Пролепетав миллионную долю огромной благодарности, которая переполняла ее сердце, Мэйда схватила платье и побежала домой. При выходе из лавки легкий дождик брызнул ей в лицо. Она улыбнулась и не заметила этого.

Дамы, разъезжающие по магазинам в экипажах, вам этого не понять. Девицы, чьи гардеробы пополняются на отцовские денежки, — вам не понять, вам никогда не постынуть, почему Мэйда не почувствовала холодных капель дождя в День Благодарения.

В пять часов она вышла на улицу в своем пурпурном платье. Дождь полил сильнее, порывы ветра обдавали ее целыми потоками воды. Люди пробегали мимо, торопясь домой или к трамваям, низко опуская зонтики и плотно застегнув плащи. Многие из них изумленно оглядывались на красивую девушку со счастливыми глазами, которая безмятежно шагала сквозь бурю, словно прогуливалась по саду в безоблачный летний день.

Я повторяю, вам этого не понять, дамы с туго набитым кошельком и кучей нарядов. Вы не представляете себе, что это такое — жить с вечной мечтой о красивых вещах, голодать восемь месяцев подряд, чтобы иметь пурпурное платье к празднику. И не все ли равно, что идет дождь, град, снег, ревет ветер и бушует циклон?

У Мэйды не было зонтика, не было галош. У нее было пурпурное платье, и в нем она вышла на улицу. Пусть развоевалась стихия! Изголодавшееся сердце должно иметь крупицу счастья хоть раз в год. Дождь все лил и стекал с ее пальцев.

Кто-то вышел из-за угла и загородил ей дорогу.

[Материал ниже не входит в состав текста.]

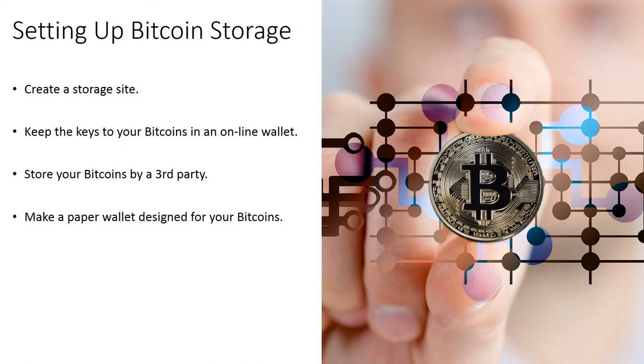Make a paper wallet for your bitcoins. One of the most popular and most affordable alternatives for protecting your bitcoins securely is a paper wallet. The wallet is compact, small, and is made of paper that has a code. One of the benefits of a paper wallet is that the private keys to the wallet are not stored digitally, so it cannot be subject to cyber attacks or equipment failures.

Она подняла голову — это был мистер Рэмси, и глаза его горели восхищением и интересом.

— Мисс Мэйда, — сказал он, — вы просто великолепны в новом платье. Я очень сожалею, что вас не было на обеде. Из всех моих знакомых девушек вы самая здравомыслящая и разумная. Ничто так не укрепляет здоровья, как прогулка в ненастье… Можно мне пройтись с вами?

И Мэйда зарделась и чихнула.



Перевод В. Маянц.

Чья вина?

В качалке у окна сидел рыжий, небритый; неряшливый, мужчина. Он только что закурил трубку и с удовольствием пускал синие клубы дыма. Он снял башмаки и надел выцветшие синие ночные туфли. — Сложив пополам вечернюю газету, он с угрюмой жадностью запойного потребителя новостей глотал жирные черные заголовки, предвкушая, как будет запивать их более мелким шрифтом текста.

В соседней комнате женщина готовила ужин. Запахи жареной грудинки и кипящего, кофе состязались с крепким духом трубочного табака.

Окно выходило на одну из тех густо населенных улиц Ист-Сайда, где с наступлением сумерек открывает свой вербовочный пункт Сатана. На улице плясало, бегало, играло множество ребятишек. Одни были в лохмотьях, другие — в чистых белых платьях и с ленточками в косах; одни — дикие и беспокойные, как ястребята, другие — застенчивые и тихие; одни выкрикивали грубые, непристойные слова, другие слушали, замирая от ужаса, но скоро должны были к ним привыкнуть. Толпа детей резвилась в обители Порока. Над этой площадкою для игр всегда реяла большая птица. Юмористы утверждали, что это аист. Но жители Кристи-стрит лучше разбирались в орнитологии: они называли ее коршуном.

К мужчине, читавшему у окна, робко подошла двенадцатилетняя девочка — и сказала:

— Папа, поиграй со мной в шашки, если ты не очень устал.

Рыжий, небритый, неряшливый мужчина, сидевший без сапог у окна, ответил, нахмурившись:

— В шашки? Вот еще! Целый день работаешь, так нет же, и дома не дают отдохнуть. Отчего ты не идешь на улицу, играть с другими детьми?

Женщина, которая стряпала ужин, подошла к дверям.

— Джон, — сказала она, — я не люблю, когда Лиззи играет на улице. Дети набираются там чего не следует. Она весь день просидела в комнатах. Неужели ты не можешь уделить ей немножко времени и заняться с ней, когда ты дома?